◆ **Your objective**
Your answer must be an exact copy of the data, without any pictures.

◆ **Material provided**
-*-
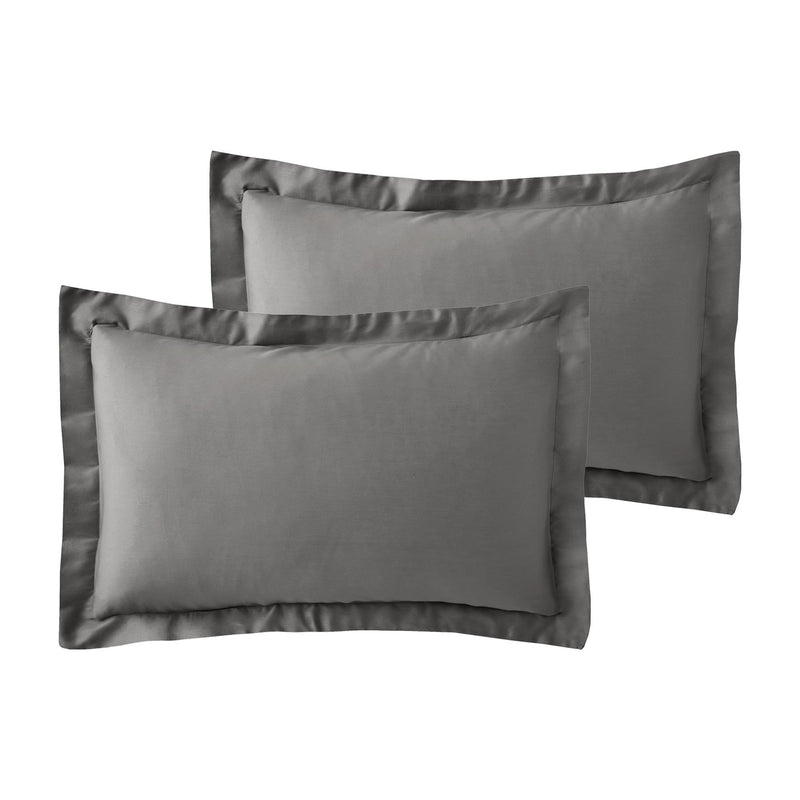 600 TC Cotton Rich (Plain Dyed Oxford Pillowcase, Dark Grey) - Exclusive Deals Ltd - Exclusive Deals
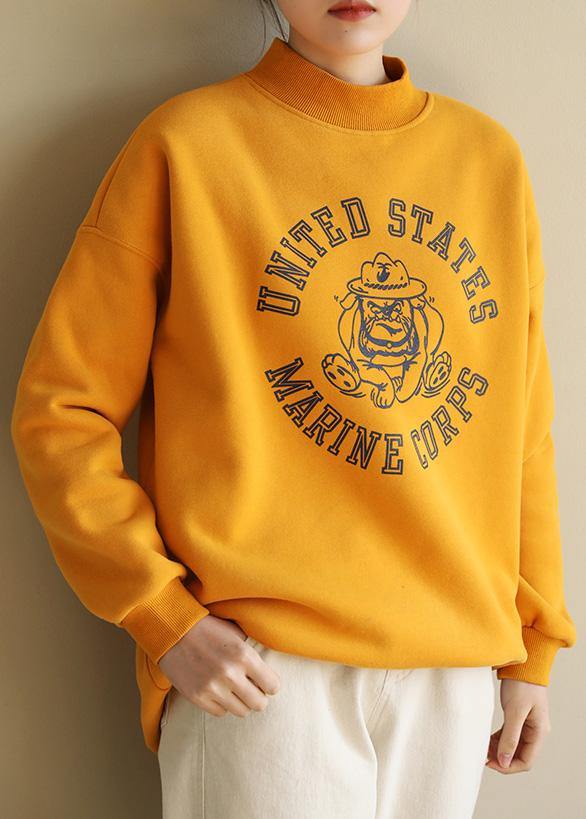 Beautiful yellow cotton tunics for women half high neck oversized prints Sweatshirt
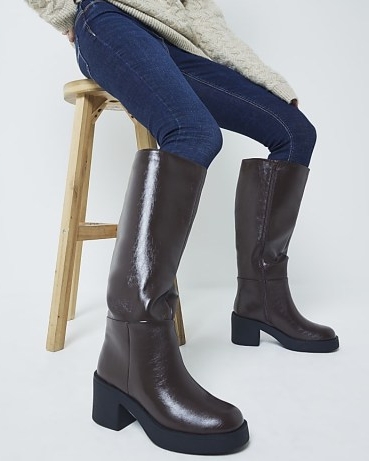 River Island Brown Faux Leather High Leg Boots | women’s chunky platform knee high winter boots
-*-
◆ **Solution below**
 600 TC Cotton Rich (Plain Dyed Oxford Pillowcase, Dark Grey) - Exclusive Deals Ltd - Exclusive Deals
 Beautiful yellow cotton tunics for women half high neck oversized prints Sweatshirt
 River Island Brown Faux Leather High Leg Boots | women’s chunky platform knee high winter boots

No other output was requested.